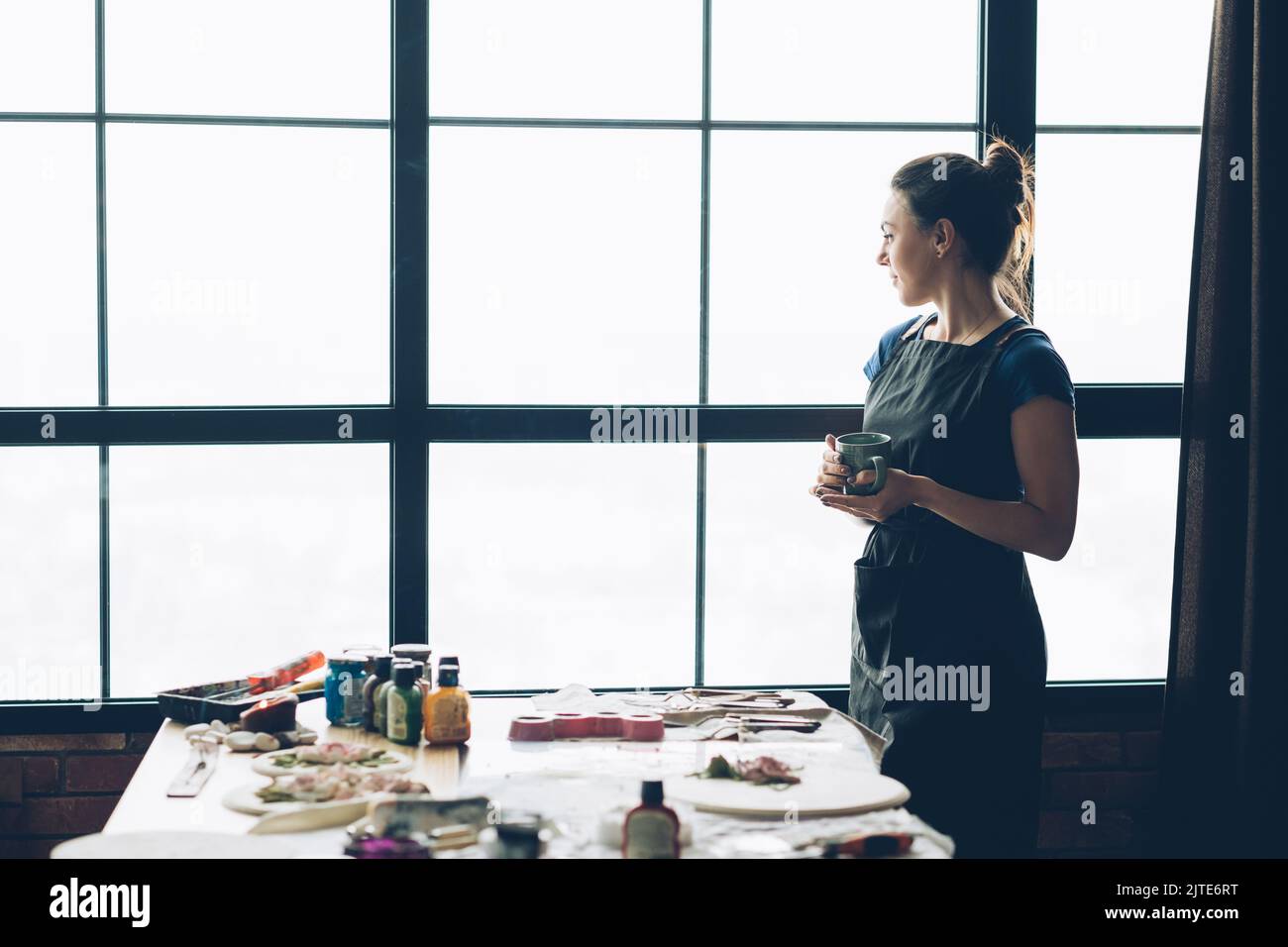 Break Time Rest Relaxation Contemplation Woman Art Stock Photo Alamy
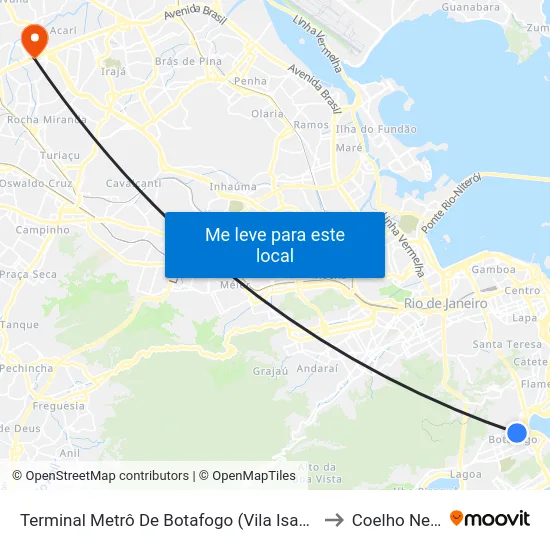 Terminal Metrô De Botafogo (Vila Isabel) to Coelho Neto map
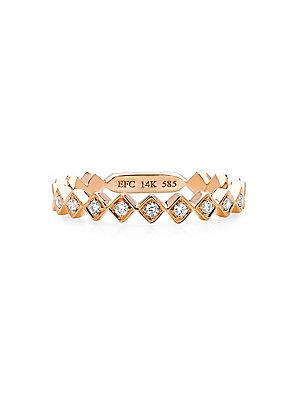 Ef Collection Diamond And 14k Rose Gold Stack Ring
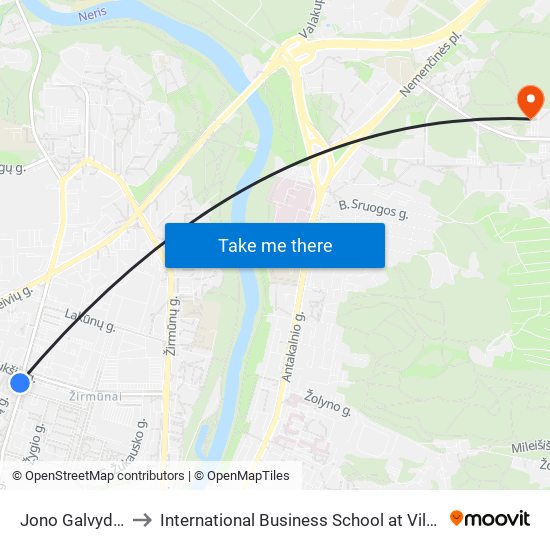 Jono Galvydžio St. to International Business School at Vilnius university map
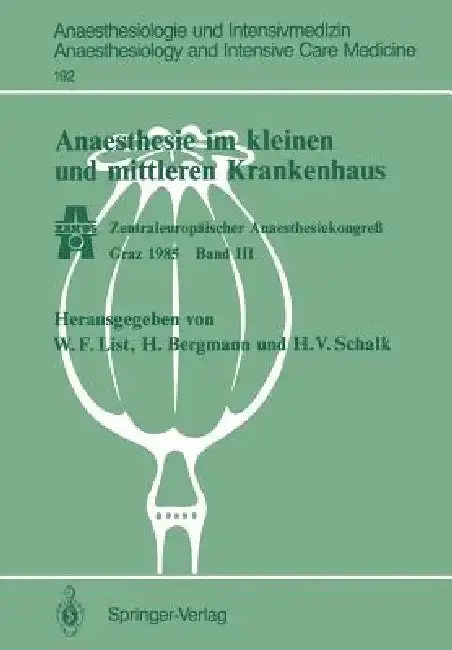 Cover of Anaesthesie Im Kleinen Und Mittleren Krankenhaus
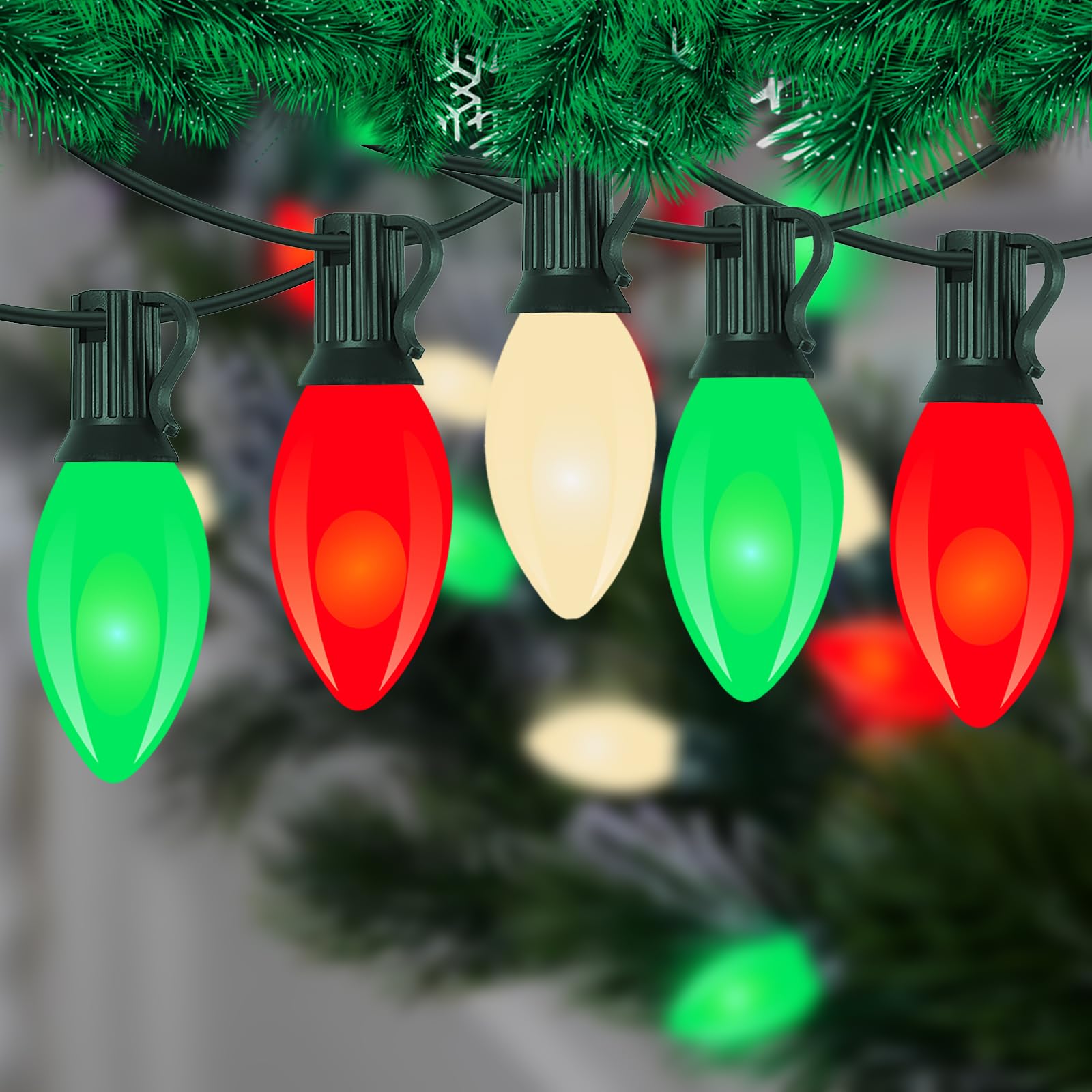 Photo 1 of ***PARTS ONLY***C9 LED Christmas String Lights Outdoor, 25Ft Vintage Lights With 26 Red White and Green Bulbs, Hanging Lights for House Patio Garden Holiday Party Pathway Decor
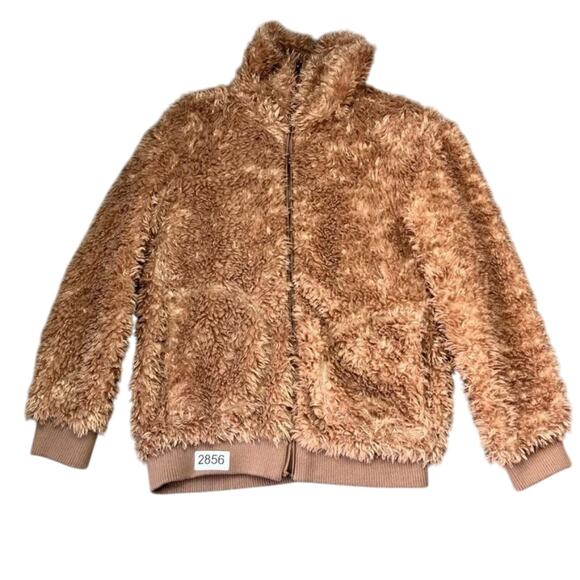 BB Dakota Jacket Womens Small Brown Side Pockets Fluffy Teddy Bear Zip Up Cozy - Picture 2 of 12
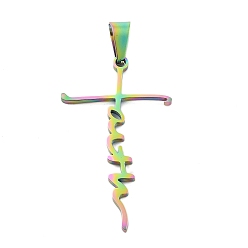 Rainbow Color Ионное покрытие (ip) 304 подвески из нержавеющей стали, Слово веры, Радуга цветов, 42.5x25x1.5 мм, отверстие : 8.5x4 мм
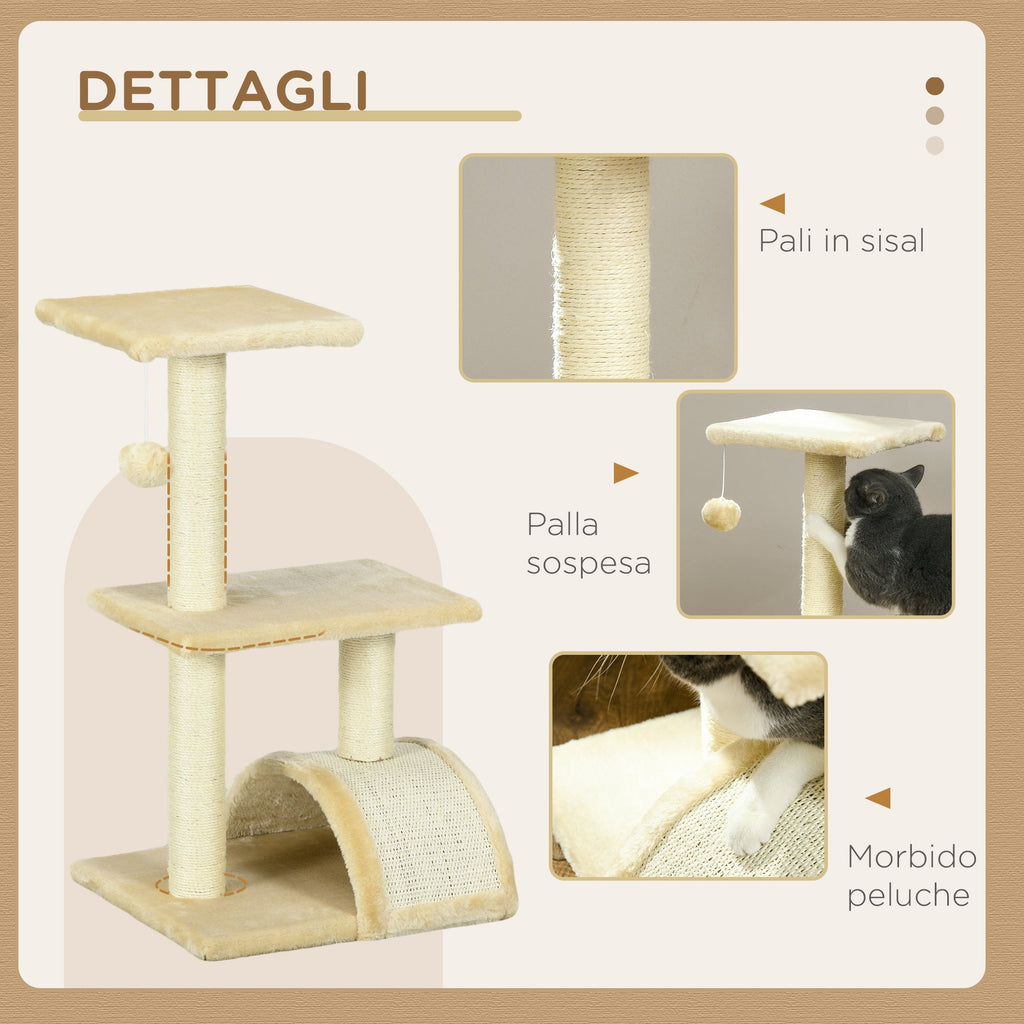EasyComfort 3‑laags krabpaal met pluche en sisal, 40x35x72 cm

◆ Instructions to follow: The result should be a transcript of the lines from the line containing "Rainbow Color Ионное" through the end of the listing above, exact, inclusive, and without pictures.

◆ The completed task:
 Rainbow Color Ионное покрытие (ip) 304 подвески из нержавеющей стали, Слово веры, Радуга цветов, 42.5x25x1.5 мм, отверстие : 8.5x4 мм
EasyComfort 3‑laags krabpaal met pluche en sisal, 40x35x72 cm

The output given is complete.